### Supplied records
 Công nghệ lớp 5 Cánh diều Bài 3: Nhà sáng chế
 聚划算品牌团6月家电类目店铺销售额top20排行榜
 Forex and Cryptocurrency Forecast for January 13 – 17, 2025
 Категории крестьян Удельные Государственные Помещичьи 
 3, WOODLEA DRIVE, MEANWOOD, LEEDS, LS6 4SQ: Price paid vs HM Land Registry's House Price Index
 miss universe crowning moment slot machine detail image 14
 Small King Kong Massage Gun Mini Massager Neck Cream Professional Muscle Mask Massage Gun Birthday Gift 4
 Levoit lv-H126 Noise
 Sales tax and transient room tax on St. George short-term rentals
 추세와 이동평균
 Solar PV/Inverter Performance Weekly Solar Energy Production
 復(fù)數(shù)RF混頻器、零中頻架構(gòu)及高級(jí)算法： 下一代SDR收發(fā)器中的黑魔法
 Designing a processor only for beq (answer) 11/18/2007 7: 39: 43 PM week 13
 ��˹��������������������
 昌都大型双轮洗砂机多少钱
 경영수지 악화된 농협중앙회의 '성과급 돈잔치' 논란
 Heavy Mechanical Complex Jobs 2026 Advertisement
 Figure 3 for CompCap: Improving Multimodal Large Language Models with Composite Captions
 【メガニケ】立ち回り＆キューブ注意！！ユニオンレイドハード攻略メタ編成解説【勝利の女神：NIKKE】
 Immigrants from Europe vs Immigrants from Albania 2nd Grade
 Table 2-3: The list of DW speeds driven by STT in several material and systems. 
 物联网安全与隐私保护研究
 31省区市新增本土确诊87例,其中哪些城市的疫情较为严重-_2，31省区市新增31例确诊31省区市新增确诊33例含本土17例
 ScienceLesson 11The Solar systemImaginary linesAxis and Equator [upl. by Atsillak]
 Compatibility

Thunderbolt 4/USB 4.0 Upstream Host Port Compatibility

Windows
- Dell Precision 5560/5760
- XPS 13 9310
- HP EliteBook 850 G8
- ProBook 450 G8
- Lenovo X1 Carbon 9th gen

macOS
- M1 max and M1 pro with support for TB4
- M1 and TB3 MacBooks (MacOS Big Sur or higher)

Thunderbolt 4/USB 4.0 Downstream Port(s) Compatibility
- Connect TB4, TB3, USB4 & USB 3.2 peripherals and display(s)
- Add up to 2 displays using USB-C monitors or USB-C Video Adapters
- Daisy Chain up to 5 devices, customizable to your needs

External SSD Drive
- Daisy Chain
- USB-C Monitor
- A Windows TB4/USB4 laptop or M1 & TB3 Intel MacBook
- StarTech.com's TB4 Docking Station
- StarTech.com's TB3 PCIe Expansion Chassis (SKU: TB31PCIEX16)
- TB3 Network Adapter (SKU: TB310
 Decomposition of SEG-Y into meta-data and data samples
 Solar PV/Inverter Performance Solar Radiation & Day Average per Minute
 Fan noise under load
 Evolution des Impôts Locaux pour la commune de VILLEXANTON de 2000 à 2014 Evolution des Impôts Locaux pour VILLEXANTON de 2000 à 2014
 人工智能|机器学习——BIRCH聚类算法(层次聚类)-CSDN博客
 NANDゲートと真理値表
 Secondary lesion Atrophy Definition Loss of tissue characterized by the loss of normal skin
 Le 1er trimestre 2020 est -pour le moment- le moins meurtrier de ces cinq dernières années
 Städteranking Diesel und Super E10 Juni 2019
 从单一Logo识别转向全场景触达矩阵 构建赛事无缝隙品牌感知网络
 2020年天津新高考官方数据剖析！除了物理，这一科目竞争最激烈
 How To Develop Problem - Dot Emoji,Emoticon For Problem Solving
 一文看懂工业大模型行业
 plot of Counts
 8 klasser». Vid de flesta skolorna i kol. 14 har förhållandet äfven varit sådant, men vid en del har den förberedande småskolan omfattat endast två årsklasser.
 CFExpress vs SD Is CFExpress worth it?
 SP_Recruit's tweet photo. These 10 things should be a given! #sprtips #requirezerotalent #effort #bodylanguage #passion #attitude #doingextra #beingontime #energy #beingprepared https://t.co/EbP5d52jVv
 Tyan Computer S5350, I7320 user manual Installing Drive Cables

### What the task asks
The lines from the one containing "SP_Recruit's tweet photo." through the final line of the listing above are to be repeated exactly, and nothing else is to be printed.

### Output
 SP_Recruit's tweet photo. These 10 things should be a given! #sprtips #requirezerotalent #effort #bodylanguage #passion #attitude #doingextra #beingontime #energy #beingprepared https://t.co/EbP5d52jVv
 Tyan Computer S5350, I7320 user manual Installing Drive Cables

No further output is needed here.